Vivemos num tempo em que se procura resgatar os velhos, integrando-os à sociedade na plenitude também de seus prazeres. Isso envolve impedir que se apaguem neles as marcas do passado, como se as lembranças da juventude alimentassem o que é vivido no presente.
Algum esquecimento é inevitável e mesmo necessário. O inconsciente se encarrega de providenciar isso, selecionando o que nos gratifica lembrar, e encobrindo o restante. É Freud quem fala das lembranças encobridoras, que existem para inibir outras que nos trazem desprazer. Na velhice, contudo, o esquecimento não é ditado pelas artimanhas do ego para fugir ao superego. Decorre sobretudo da redução das conexões entre os neurônios, própria dos chamados quadros demenciais – expressão assustadora, pois evoca o que na linguagem do povo caracteriza o velho como gagá.
Outro dia conversei com um senhor de mais idade e dele ouvi que o pior do seu esquecimento é que ele não era “real”. Ou seja: no fundo ele se lembrava, mas não conseguia fazer com que as lembranças se tornassem claras. Era cono se permanecessem num intervalo entre luz e sombra, com lampejos do passado que se apagavam quando ele buscava captá-los com exatidão.
Essa consciência de que esquecia as coisas mostrava que ele tinha alguma lucidez e talvez por isso sofresse mais. Há casos em que a consciência não mais existe, e as memórias se apagam sem dor, levando à gradativa perda da percepção das coisas, das pessoas e por fim de si mesmo.

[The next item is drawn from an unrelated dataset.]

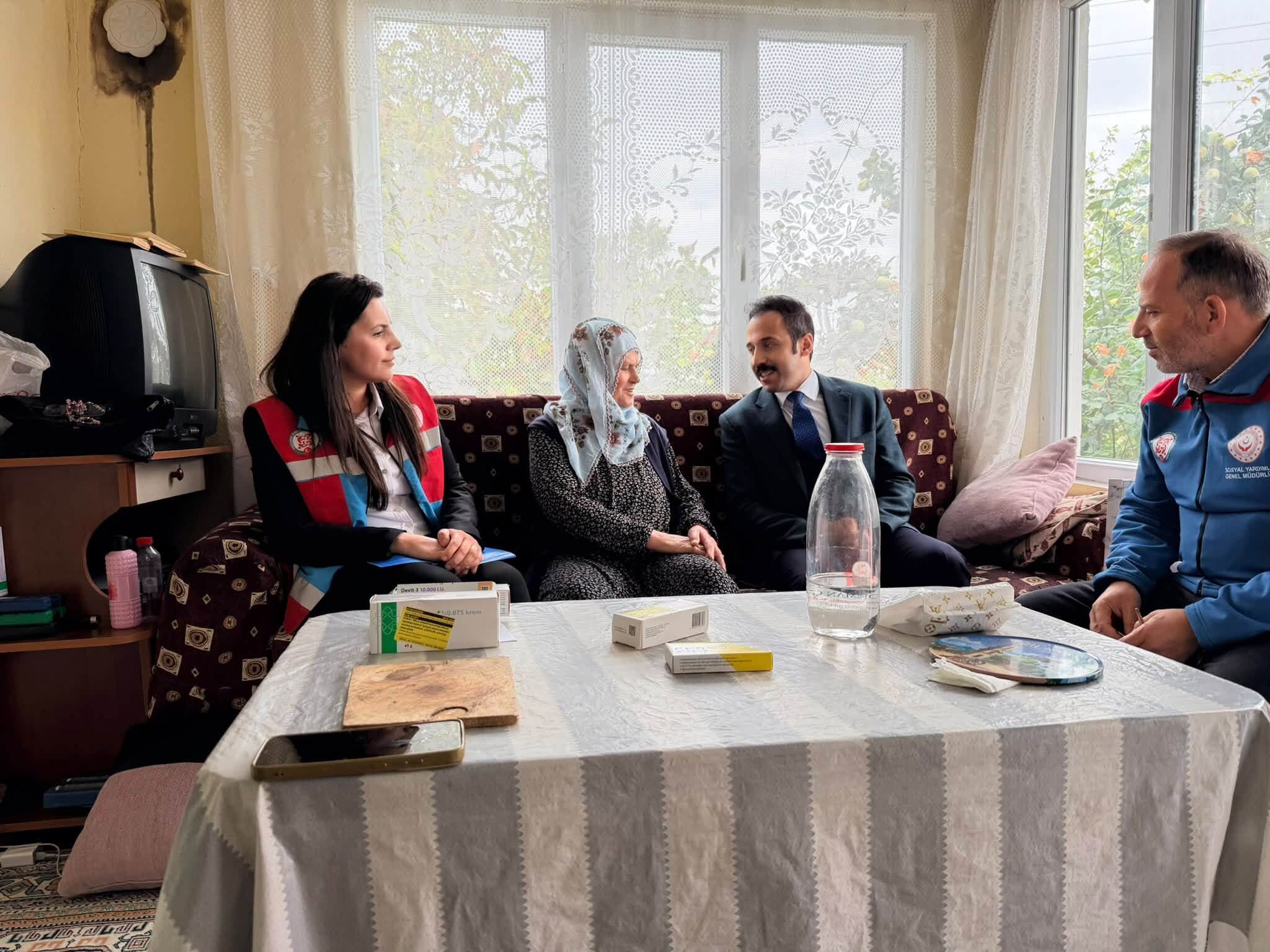 Kırşehir’de Dünya Yaşlılar Günü’nde Büyükler Unutulmadı 1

Nossa mente é um malabarista caprichoso, que manipula as lembranças a seu bel-prazer. Tanto esconde umas quanto desenterra outras, fazendo-nos reviver o que estava perdido e reencontramos com emoção. Isso não compensa o tempo passado, é certo, mas nos consola das perdas no presente. E sobretudo nos estimula a vivenciar com resignação e alguma alegria o que vem pela frente, pois a pior amnésia é mesmo a do futuro.